Top of Provided material

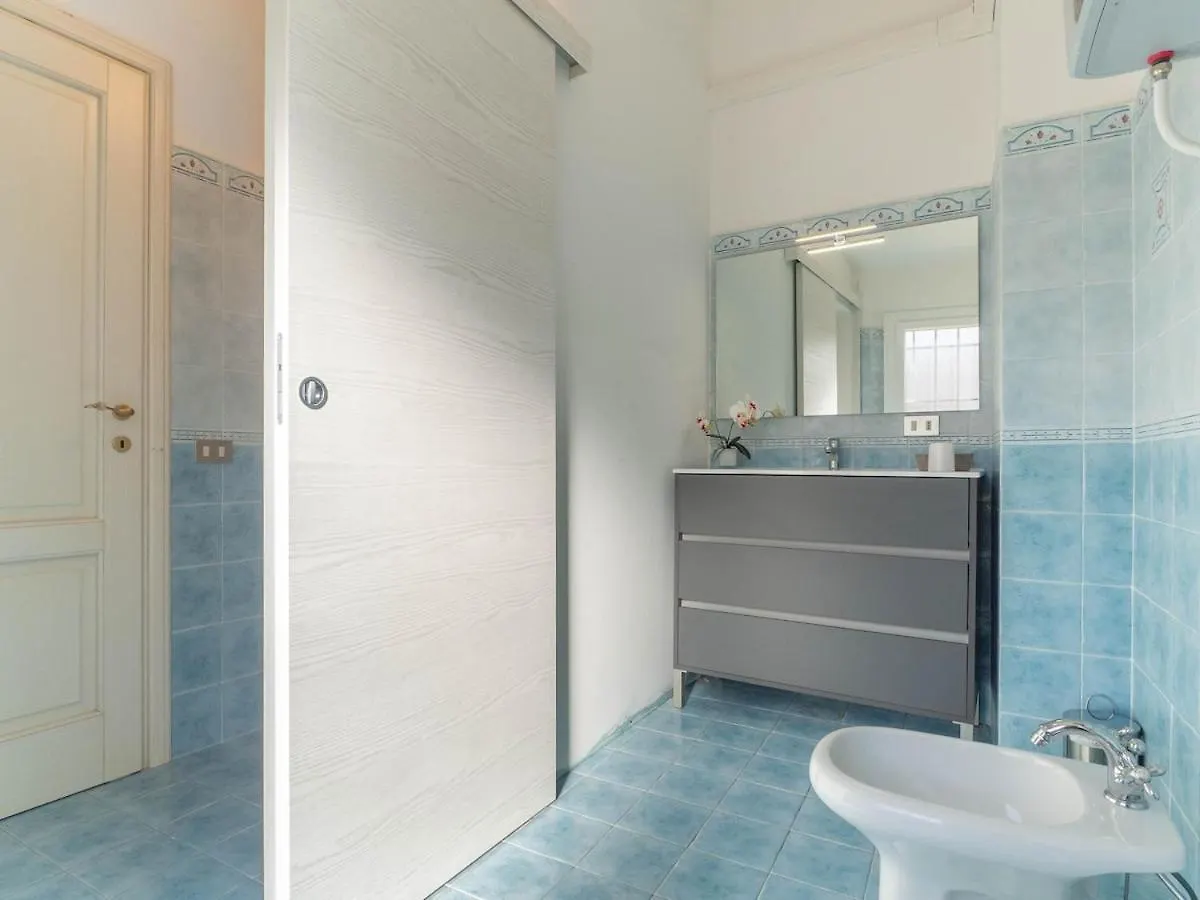 Mura Di Ferrara-Apartment 3 Parcheggio Privato 0*, 费拉拉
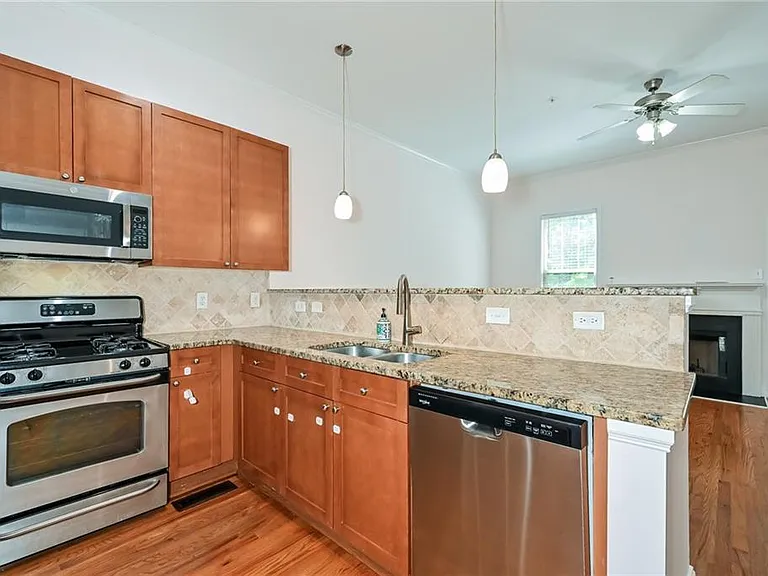 1915 Sterling Oaks Cir — Photo 5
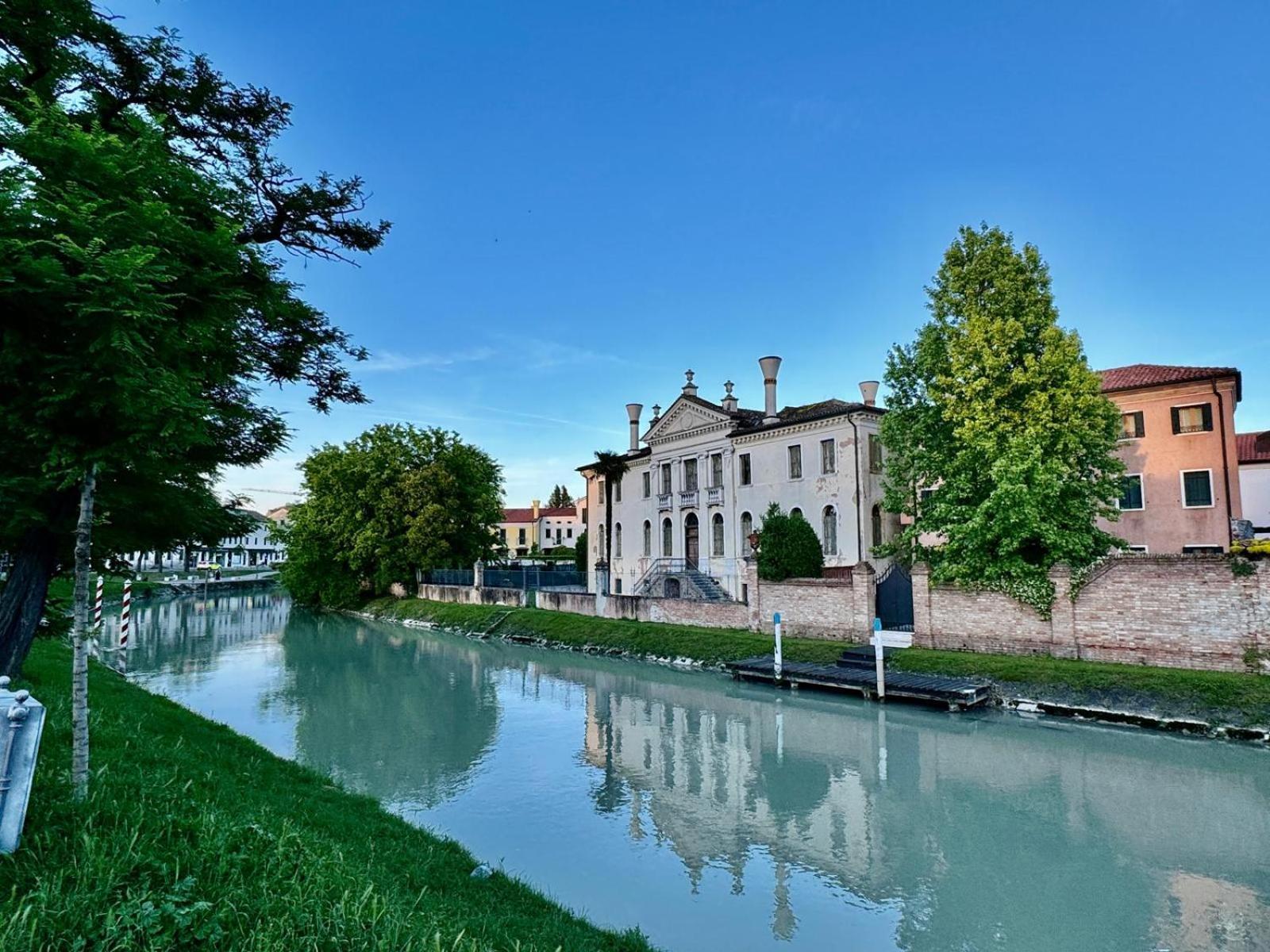 شقة Erman House Mansarda Sulla Riviera Del Brenta Venezia دولو المظهر الخارجي الصورة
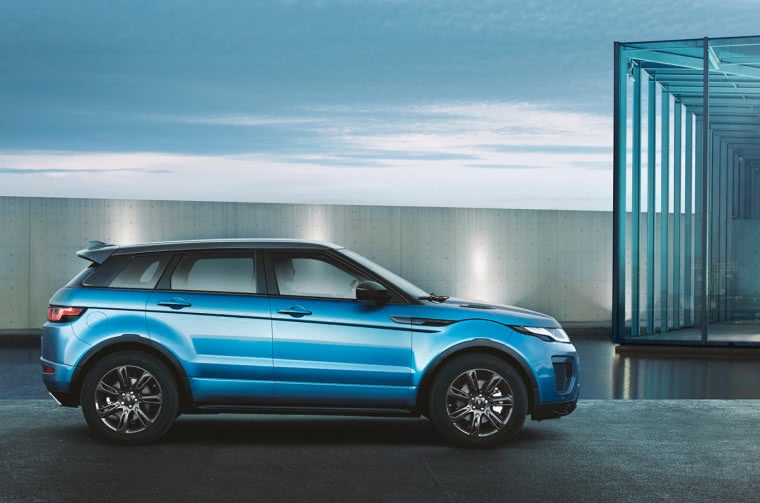 路虎揽胜极光—梦莲湖蓝限量版,官图欣赏,为潮流而生!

Bottom of Provided material

In the copy, keep every line of the data above exactly and drop each picture.

 Mura Di Ferrara-Apartment 3 Parcheggio Privato 0*, 费拉拉
 1915 Sterling Oaks Cir — Photo 5
 شقة Erman House Mansarda Sulla Riviera Del Brenta Venezia دولو المظهر الخارجي الصورة
 路虎揽胜极光—梦莲湖蓝限量版,官图欣赏,为潮流而生!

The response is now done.